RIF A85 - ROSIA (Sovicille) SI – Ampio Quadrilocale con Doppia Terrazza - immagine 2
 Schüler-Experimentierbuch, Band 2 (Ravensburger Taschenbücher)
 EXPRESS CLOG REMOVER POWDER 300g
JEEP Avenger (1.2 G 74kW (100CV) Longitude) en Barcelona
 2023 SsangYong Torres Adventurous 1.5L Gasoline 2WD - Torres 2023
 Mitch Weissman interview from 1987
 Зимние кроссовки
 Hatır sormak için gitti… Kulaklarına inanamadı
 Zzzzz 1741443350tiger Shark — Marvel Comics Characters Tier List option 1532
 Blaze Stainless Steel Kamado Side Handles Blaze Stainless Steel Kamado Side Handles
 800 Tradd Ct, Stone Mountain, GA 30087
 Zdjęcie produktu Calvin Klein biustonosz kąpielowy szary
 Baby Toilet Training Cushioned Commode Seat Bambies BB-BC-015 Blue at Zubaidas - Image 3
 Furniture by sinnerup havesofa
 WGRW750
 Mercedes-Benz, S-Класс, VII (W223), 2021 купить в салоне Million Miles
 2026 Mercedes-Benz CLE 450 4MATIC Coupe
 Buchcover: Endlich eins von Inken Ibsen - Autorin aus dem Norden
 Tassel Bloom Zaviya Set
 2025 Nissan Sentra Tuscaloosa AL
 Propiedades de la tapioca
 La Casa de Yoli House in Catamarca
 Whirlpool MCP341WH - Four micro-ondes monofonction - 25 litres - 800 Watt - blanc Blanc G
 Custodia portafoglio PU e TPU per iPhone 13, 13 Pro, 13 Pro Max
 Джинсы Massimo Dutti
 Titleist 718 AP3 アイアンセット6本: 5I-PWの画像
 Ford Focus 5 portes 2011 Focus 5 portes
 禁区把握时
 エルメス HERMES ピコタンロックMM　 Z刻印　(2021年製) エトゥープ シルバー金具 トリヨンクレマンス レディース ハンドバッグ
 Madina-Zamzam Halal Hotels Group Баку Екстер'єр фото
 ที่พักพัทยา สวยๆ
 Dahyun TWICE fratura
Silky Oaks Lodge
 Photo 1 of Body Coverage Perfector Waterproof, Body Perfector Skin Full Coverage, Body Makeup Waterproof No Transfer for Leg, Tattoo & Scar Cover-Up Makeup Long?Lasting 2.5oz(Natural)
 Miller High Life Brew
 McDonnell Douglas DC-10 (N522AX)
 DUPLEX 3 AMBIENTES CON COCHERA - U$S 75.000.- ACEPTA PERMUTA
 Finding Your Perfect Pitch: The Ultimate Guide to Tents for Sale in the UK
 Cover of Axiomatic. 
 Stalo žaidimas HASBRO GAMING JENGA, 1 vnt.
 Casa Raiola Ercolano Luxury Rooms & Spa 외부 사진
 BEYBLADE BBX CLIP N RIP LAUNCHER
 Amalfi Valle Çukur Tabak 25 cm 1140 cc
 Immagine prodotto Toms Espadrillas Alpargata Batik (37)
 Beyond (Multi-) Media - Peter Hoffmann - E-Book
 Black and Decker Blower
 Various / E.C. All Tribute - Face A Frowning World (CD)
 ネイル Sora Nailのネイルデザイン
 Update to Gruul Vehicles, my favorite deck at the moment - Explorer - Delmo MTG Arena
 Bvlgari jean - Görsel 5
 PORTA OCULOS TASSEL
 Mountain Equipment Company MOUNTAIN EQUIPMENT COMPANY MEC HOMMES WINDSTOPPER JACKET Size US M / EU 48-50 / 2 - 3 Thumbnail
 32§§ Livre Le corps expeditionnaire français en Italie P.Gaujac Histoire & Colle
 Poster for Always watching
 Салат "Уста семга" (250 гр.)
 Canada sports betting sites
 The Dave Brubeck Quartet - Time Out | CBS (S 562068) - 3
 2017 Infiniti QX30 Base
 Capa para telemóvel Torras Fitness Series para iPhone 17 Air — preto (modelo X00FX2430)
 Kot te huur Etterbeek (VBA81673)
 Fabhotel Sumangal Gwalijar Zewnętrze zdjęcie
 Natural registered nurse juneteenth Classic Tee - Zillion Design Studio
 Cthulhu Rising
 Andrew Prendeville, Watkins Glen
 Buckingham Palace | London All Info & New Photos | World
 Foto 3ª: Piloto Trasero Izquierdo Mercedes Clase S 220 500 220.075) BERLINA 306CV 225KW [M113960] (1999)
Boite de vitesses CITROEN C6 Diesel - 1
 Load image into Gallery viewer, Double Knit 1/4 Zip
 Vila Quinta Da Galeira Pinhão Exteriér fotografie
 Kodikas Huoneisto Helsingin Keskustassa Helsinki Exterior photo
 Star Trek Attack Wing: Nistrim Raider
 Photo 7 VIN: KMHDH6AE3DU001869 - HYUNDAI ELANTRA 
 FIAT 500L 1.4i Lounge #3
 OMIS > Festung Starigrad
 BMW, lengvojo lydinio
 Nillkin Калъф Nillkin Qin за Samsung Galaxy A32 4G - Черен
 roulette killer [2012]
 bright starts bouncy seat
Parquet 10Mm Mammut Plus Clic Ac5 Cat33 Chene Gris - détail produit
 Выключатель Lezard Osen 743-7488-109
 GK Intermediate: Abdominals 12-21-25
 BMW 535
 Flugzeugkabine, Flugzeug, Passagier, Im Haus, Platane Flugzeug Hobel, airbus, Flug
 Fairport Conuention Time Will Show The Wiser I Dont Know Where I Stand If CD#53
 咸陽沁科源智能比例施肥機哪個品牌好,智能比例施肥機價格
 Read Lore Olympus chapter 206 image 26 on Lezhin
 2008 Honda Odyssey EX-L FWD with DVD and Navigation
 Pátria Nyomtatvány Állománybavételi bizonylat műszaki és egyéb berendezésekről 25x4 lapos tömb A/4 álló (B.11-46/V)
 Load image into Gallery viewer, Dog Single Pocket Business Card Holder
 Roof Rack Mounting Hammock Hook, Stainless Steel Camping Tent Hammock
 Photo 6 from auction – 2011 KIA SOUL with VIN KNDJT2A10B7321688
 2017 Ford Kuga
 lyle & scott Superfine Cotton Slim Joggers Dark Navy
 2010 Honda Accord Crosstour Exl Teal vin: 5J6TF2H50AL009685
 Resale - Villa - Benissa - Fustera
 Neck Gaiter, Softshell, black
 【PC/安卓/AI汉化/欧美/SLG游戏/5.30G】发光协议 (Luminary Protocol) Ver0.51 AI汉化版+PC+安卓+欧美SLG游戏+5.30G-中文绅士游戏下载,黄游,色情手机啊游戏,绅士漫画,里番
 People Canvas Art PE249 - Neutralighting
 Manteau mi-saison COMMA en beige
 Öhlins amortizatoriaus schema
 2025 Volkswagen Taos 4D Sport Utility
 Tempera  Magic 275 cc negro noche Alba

.....

[Exercise goal]:
Search the preceding listing for the word "iPhone" and pull out every line that holds it.

[Task result]:
 Custodia portafoglio PU e TPU per iPhone 13, 13 Pro, 13 Pro Max
 Capa para telemóvel Torras Fitness Series para iPhone 17 Air — preto (modelo X00FX2430)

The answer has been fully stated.